_DATASET EXTRACT_

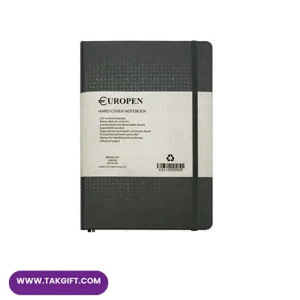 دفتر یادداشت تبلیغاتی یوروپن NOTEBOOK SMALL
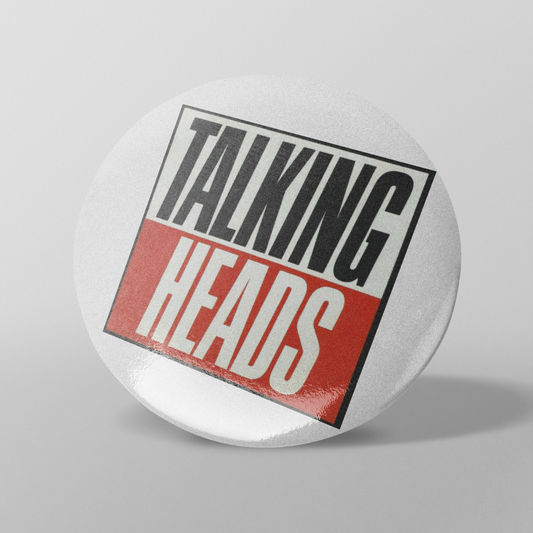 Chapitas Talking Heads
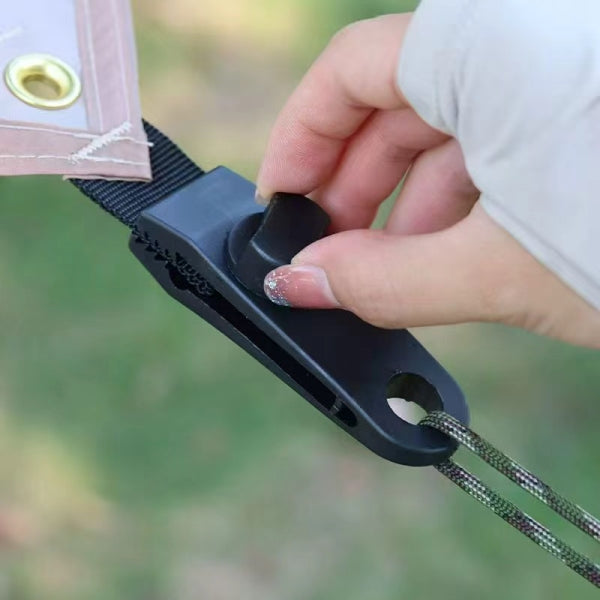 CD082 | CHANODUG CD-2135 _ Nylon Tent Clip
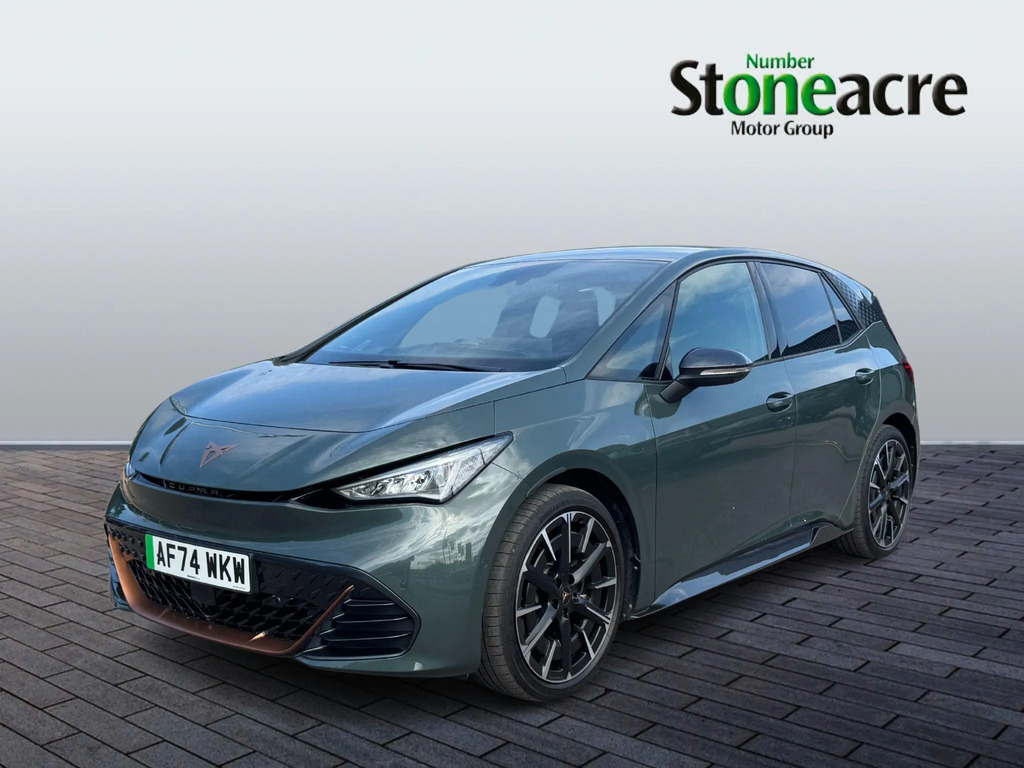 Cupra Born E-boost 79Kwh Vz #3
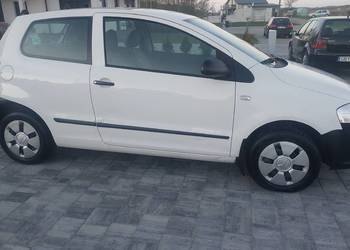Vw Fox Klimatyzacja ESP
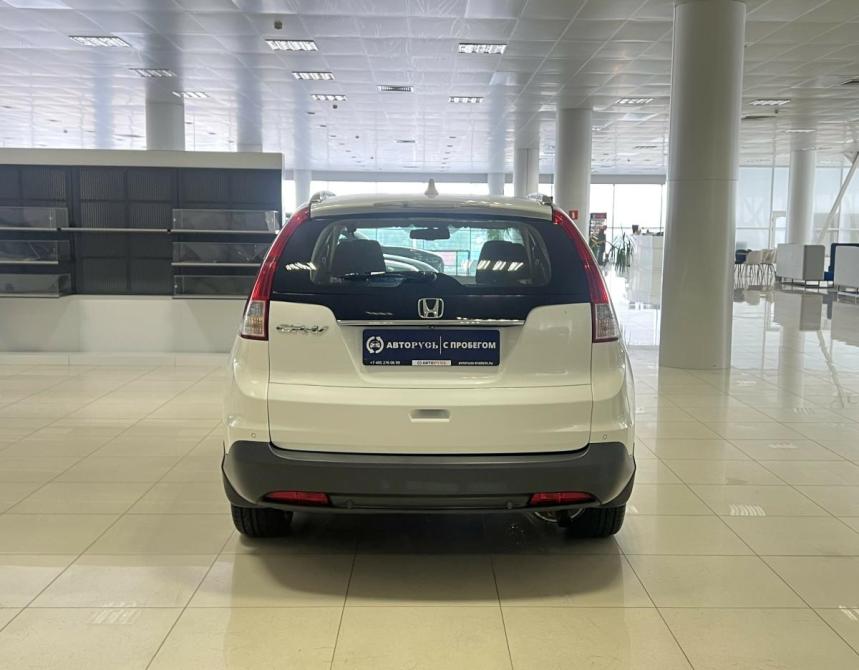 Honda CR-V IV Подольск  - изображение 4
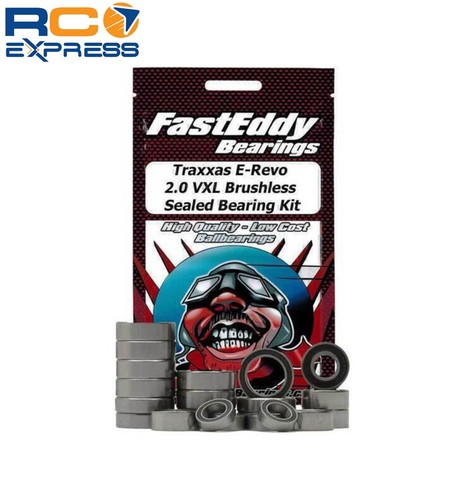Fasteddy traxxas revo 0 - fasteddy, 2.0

_THE TASK_
The data is to be printed again exactly, but without its pictures.

_EXERCISE RESPONSE_
 دفتر یادداشت تبلیغاتی یوروپن NOTEBOOK SMALL
 Chapitas Talking Heads
 CD082 | CHANODUG CD-2135 _ Nylon Tent Clip
 Cupra Born E-boost 79Kwh Vz #3
Vw Fox Klimatyzacja ESP
 Honda CR-V IV Подольск  - изображение 4
Fasteddy traxxas revo 0 - fasteddy, 2.0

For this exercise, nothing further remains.